5-Year PE Range -324x~88655x

vs. Industry Avg

N/A

Industry PE ~N/A*

EV/EBITDA

35.6x

Enterprise Value Multiple

Investment Risk Disclosure

Financial & Operational Risks: Workday's primary financial risk is its valuation dependency on sustained high growth. While the balance sheet is strong (D/E 0.49), the trailing P/E of 66.2x is extremely sensitive to any earnings disappointment or growth deceleration below the current 14.5% rate. Furthermore, revenue concentration in its core HCM and financial software platforms, while a strength, also presents a risk if a disruptive technology meaningfully erodes its market position.

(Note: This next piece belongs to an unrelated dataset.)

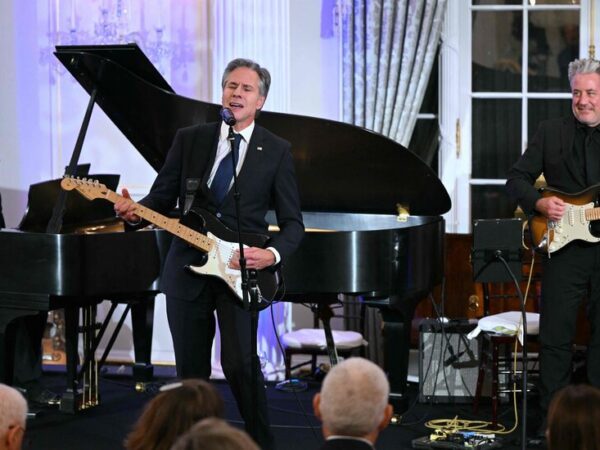 Secretary of State Blinken Plays the Guitar to Launch “Music Diplomacy” Initiative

Profitability, though improving with a net margin of 5.7%, remains volatile quarter-to-quarter, as seen in the drop from Q3's $252M net income to Q4's $145M.

Market & Competitive Risks: The paramount external risk is the ongoing sector-wide repricing of SaaS stocks, explicitly cited in recent news as a 'fundamental reassessment' due to AI. Trading at a forward P/E of 10.2x, the market is pricing in a sharp earnings rebound; failure to meet these expectations could trigger another wave of multiple compression. The stock's beta of 1.141 confirms it is more volatile than the market, exacerbating downside moves during risk-off periods. Competitive disruption from AI-driven 'autonomous agents' represents a long-term existential threat to the per-seat licensing model, though its immediacy is uncertain.

Worst-Case Scenario: The worst-case scenario involves a continuation of the sector rotation out of SaaS, coupled with a Workday-specific execution misstep such as a guidance cut or a significant customer loss. This could break critical technical support at the 52-week low of $110.36, triggering stop-losses and renewed selling from momentum investors. Given the stock's history of a -59.1% maximum drawdown and its current precarious position, a realistic downside from the current price of $126.96 could be a further -25% to -30%, retesting the $90-$95 range, which would represent a total peak-to-trough decline exceeding 65%.